A rebelião começou por volta das 10 horas de terça-feira, após uma tentativa frustrada de fuga. Cerca de 30 presos das alas B e F chamaram os agentes para socorrer um companheiro de cela. Quando os funcionários se aproximaram foram recebidos a tiros e pelo menos quatro deles ficaram reféns. Baleado, o agente Alcindo Jacinto Desidério, de 31 anos, não sobreviveu. O colega de trabalho dele, César Majte, de 33, foi atingido na cabeça e permanecia internado na Unidade de Terapia Intensiva (UTI) do Hospital Costa Cavalcanti. Na confusão, o preso Fernando Pendena também foi morto. Outros nove presos foram feridos e estão internados no Hospital das Cataratas.
Os mais de 100 policias civis e militares que cercavam o Cadeião só conseguiram retomar o controle da situação por volta das 8 horas de ontem, quando os rebelados se renderam, entregaram as armas de fogo e liberaram o último agente que era feito refém. Logo após a rendição, segundo a Sesp, a Polícia realizou uma revista minuciosa nas instalações e nos presos. Vários estoques foram recolhidos. ''A rebelião começou porque os presos queriam fugir pela porta da frente da cadeia e foram contidos por uma ação rápida e enérgica da polícia.
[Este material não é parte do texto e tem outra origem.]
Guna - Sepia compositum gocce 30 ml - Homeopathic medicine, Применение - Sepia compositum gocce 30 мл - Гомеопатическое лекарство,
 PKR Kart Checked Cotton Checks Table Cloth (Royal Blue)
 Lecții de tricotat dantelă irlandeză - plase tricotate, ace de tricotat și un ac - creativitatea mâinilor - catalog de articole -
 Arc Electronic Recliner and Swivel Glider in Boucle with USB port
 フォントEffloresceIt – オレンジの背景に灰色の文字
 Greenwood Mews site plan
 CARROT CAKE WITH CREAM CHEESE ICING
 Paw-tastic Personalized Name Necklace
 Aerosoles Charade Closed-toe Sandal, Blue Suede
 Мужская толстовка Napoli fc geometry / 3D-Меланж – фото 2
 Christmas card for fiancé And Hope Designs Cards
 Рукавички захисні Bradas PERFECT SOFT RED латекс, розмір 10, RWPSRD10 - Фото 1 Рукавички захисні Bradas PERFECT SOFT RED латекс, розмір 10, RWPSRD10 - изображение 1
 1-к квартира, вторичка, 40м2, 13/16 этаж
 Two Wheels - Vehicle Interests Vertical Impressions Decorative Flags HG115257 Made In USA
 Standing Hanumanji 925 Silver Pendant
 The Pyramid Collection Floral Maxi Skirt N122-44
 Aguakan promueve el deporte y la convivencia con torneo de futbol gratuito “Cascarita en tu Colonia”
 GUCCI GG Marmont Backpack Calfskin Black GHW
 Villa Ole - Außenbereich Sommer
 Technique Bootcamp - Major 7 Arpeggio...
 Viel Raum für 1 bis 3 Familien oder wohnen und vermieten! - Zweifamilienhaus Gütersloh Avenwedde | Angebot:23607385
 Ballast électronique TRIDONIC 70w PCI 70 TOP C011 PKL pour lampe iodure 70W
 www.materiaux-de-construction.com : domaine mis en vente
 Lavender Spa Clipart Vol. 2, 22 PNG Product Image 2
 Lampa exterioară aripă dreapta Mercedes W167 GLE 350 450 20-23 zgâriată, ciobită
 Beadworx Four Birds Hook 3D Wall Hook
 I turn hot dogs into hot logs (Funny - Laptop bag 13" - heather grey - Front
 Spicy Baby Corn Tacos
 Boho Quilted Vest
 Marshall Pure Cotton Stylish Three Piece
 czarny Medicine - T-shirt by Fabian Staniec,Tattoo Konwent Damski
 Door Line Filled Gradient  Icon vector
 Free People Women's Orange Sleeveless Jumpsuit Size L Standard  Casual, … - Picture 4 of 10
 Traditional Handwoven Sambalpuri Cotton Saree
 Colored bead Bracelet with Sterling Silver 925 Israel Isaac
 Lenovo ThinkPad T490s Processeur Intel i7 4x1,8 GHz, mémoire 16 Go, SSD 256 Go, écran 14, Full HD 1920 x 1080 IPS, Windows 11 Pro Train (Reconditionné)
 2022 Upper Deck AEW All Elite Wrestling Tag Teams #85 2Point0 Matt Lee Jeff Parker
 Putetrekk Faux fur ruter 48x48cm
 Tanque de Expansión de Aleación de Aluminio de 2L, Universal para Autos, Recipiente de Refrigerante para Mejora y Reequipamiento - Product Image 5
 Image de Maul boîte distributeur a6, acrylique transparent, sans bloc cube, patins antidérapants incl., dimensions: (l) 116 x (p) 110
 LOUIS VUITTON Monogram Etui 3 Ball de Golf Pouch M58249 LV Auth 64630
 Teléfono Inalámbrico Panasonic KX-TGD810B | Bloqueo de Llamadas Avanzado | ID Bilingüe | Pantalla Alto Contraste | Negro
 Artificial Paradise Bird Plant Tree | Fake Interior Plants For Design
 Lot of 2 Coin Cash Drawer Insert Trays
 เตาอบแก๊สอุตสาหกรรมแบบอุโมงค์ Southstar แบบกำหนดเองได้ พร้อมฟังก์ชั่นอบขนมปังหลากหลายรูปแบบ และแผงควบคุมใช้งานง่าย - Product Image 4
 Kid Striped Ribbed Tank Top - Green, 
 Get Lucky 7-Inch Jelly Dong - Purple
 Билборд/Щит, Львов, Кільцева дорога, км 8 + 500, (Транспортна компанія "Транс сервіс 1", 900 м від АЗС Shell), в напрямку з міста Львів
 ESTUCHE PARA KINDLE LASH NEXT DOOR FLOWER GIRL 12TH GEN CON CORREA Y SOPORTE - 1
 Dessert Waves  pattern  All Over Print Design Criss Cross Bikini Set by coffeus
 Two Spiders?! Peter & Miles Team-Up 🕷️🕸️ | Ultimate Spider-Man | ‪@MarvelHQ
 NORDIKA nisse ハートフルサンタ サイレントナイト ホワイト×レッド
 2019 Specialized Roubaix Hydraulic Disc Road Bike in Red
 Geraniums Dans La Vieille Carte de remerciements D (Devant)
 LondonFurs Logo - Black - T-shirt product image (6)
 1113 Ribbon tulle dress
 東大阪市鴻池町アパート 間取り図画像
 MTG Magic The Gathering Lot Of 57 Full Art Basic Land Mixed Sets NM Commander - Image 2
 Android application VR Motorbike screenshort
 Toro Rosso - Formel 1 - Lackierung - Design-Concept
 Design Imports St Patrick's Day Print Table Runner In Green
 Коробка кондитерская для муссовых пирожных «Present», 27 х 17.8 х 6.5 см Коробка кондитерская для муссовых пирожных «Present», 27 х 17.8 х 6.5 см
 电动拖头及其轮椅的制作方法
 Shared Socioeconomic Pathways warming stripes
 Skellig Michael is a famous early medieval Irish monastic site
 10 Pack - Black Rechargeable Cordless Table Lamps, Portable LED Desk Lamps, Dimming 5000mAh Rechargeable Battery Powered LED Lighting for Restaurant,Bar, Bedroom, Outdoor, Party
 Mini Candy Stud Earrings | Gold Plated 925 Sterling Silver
Infelizmente, perdemos um agente de carceragem, mas vamos apurar e punir o responsável pelos tiros'', disse o secretário da Segurança Pública, Luiz Fernando Delazari.
A Sesp ainda não calculou os prejuízos causados pela depredação do prédio. ''Vamos levantar para saber o quanto foi depredado e reformaremos o mais rápido possível para manter a segurança da cadeia'', ressaltou o delegado-chefe da Divisão de Polícia do Interior, Luiz Alberto Cartaxo Moura, que coordenou a negociação com os rebelados junto com comandante do Comando de Policiamento do Interior, tenente-coronel Celso José Melo, e com o juiz-corregedor Marcelo Daladenha.
O delegado antecipou que vai identificar os líderes da rebelião e negociar a remoção deles para o sistema penitenciário com a Secretaria de Estado da Justiça e com a Vara de Execuções Penais. O destino da transferência ainda não foi definido.